Il pomeriggio dello scorso 5 luglio Emmanuel e la sua compagna Chinyere si trovavano in pieno centro a Fermo, nelle Marche. Sono stati avvicinati e infastiditi da un personaggio, Amedeo Mancini, noto in paese per il suo temperamento violento e le sue idee di estrema destra. Secondo le ricostruzioni Emmanuel ha provato a difendere la moglie dagli insulti xenofobi e razzisti dell'uomo, prima di cadere a terra privo di sensi, colpito probabilmente da un palo della segnaletica stradale. Da lì il coma irreversibile e poi la morte nella giornata del 6 luglio.

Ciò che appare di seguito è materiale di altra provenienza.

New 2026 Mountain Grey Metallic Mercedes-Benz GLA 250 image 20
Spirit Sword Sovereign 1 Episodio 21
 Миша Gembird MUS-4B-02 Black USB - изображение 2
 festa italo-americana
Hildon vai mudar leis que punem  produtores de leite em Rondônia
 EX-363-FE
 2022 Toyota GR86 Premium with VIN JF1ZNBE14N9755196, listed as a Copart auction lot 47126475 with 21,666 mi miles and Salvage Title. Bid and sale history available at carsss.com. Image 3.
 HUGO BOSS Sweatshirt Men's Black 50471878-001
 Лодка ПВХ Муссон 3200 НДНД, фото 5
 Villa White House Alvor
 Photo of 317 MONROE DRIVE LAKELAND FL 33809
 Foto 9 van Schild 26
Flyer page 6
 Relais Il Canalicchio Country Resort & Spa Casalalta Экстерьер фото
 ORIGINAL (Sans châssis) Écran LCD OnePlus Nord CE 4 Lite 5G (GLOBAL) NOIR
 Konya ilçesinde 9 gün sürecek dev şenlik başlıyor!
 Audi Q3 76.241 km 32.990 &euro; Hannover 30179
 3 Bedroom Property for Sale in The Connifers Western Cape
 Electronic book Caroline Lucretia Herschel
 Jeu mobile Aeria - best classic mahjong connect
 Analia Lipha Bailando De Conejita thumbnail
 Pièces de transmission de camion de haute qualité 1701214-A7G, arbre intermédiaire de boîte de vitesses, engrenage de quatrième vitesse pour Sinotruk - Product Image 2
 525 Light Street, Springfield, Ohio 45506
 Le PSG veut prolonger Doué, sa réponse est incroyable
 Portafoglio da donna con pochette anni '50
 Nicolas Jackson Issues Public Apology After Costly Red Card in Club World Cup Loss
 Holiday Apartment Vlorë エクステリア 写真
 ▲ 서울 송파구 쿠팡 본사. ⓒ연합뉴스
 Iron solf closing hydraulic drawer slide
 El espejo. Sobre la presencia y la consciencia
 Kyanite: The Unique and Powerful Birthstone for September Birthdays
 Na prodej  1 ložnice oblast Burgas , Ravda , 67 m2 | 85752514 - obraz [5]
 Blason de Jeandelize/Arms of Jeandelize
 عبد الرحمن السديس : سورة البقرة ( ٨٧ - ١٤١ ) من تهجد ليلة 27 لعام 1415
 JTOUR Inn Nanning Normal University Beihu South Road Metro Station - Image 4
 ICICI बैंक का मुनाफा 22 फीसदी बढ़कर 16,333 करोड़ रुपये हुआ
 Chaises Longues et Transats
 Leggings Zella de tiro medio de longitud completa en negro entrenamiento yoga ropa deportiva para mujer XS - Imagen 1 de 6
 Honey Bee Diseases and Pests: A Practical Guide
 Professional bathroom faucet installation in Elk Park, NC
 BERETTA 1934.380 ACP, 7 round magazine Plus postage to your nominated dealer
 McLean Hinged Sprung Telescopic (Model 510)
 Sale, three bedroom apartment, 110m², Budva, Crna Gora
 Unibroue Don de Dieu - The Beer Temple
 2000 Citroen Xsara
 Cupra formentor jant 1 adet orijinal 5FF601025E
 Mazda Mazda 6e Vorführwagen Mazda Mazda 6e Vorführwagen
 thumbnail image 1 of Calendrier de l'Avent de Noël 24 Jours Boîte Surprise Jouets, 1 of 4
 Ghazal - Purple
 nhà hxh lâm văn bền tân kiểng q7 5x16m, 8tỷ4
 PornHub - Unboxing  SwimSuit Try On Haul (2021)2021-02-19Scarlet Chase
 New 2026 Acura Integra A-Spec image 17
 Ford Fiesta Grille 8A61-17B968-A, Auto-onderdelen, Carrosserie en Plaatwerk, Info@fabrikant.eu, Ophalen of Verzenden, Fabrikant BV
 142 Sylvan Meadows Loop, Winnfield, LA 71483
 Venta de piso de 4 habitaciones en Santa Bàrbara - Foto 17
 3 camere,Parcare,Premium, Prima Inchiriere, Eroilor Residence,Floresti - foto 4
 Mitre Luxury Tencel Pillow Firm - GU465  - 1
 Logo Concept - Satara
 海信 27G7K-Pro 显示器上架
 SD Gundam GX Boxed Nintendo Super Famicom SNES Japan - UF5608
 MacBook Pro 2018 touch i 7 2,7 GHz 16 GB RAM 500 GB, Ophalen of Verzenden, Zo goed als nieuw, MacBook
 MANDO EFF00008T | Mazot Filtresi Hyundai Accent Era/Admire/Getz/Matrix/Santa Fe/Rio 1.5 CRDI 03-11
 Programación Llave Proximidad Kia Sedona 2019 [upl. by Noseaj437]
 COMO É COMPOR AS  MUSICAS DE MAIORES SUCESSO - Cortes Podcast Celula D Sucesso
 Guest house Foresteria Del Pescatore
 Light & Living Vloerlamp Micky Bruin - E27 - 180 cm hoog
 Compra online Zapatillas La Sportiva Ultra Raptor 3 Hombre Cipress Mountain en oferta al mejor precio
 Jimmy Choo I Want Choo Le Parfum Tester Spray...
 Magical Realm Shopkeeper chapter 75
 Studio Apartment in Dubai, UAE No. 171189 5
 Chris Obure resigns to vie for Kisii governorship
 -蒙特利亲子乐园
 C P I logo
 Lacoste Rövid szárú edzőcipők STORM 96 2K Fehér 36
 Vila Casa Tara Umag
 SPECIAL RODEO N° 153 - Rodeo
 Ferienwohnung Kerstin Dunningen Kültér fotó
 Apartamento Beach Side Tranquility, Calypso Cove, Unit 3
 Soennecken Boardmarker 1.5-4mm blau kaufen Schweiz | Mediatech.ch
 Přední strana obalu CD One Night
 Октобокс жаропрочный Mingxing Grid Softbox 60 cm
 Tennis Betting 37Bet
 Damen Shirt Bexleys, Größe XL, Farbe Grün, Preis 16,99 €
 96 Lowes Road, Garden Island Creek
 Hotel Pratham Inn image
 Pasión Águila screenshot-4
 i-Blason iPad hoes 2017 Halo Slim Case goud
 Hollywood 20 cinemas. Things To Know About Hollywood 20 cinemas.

Fuggivano entrambi da una tragedia, dalle sofferenze e dalla paura. Una paura chiamata Boko Haram, che in Nigeria aveva ucciso la loro figlia di due anni. Avevano attraversato un deserto grande come il Sahara, il mare e mezza Italia, per arrivare infine a Fermo, nella struttura di accoglienza gestita dalla Fondazione Caritas in Veritate di don Vinicio Albanesi. Avevano superato l’aborto subito da Chinyere durante la traversata del Mediterraneo, a causa delle violenze subite dei trafficanti di uomini. Avevano sognato un futuro migliore qui in Italia, una nuova occasione per ricominciare. Emmanuel ci ha rimesso la propria vita per difendere dall’ennesimo sopruso una compagna che ha avuto comunque la forza di acconsentire alla donazione degli organi del suo uomo, fossero anche destinati ai connazionali di quel mostro che ha distrutto la sua vita. Un insegnamento a tutti quelli che vedono nella differente nazionalità di un essere vivente un movente per distruggerne la sua umanità.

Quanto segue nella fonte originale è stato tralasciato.